I wonder whether the time has not come to take an overall look at the adequacy of our facilities for rapid communications.
I am glad to learn that steps are being taken to establish cypher machinery in Geneva in time for the Korean Political Conference. This should be helpful not only for this Conference, but for the frequent conferences on various subjects held in that centre.
I wonder however whether the stage has not been reached where it might be appropriate to consider supplying all but our least important missions with cypher machinery, as a matterof standard office equipment. Perhaps iron curtain posts should be an exception to this, for security reasons. (Do the United States and/or the United Kingdom have cypher machinery in Moscow, Warsaw, etc?).
Has consideration been given to ensuring adequate facilities in case an emergency, either local or general, should develop? I should think that New Delhi, Karachi, Lisbon and Madrid, at the very least, should be capable of carrying and receiving heavy cypher traffice (sic), if the need should ever arise at short notice.
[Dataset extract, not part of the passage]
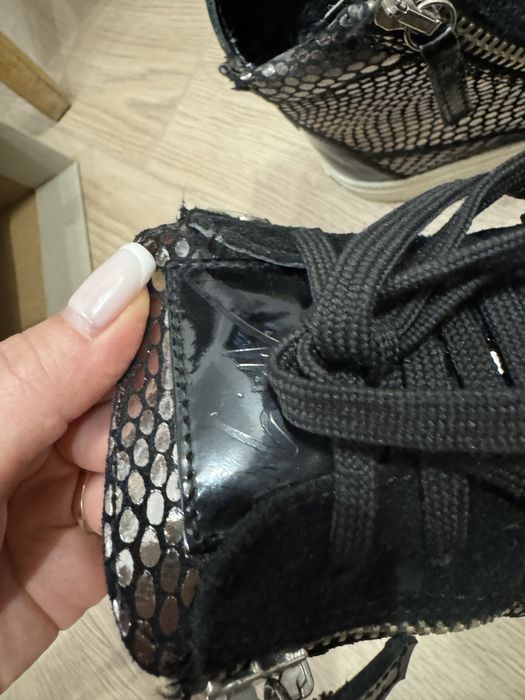 Giuseppe Zanotti кецове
Has the department plans, and assured supplies of adequate equipment, for the vast expansion in cypher traffic that would probably become necessary in the event of a general emergency? I believe we were badly jammed in August - September 1939? Since the demand for cypher machinery would be very great in such circumstances, it is possible that the only assurance of have adequate supplies at short notice would be to have them in advance. If we hvae them, we might as well make use of them. We would also need trained operators. Adequate communication facilities for a peak load are surely as essential to a diplomatic service as to the armed forces, and our planning and equipment should be forward-looking.
Might we not also save money, and greatly improve our speed of communciations, and peak load capacity,if we had the possibility of sending traffic over direct teletype lines between London and at least most of our posts on the continent of Europe? I understand that most stock brokers, and the diplomatic missions of a good many other countries small as well as large, use the "telex" network, - a teletype system throughout Europe where it is not necessary to rent lines on a full-time basis but where connections are established for three-minute periods as in long distance telephone calls, and you pay only for what you use. Is consideration being given to our making use of this "telex" link?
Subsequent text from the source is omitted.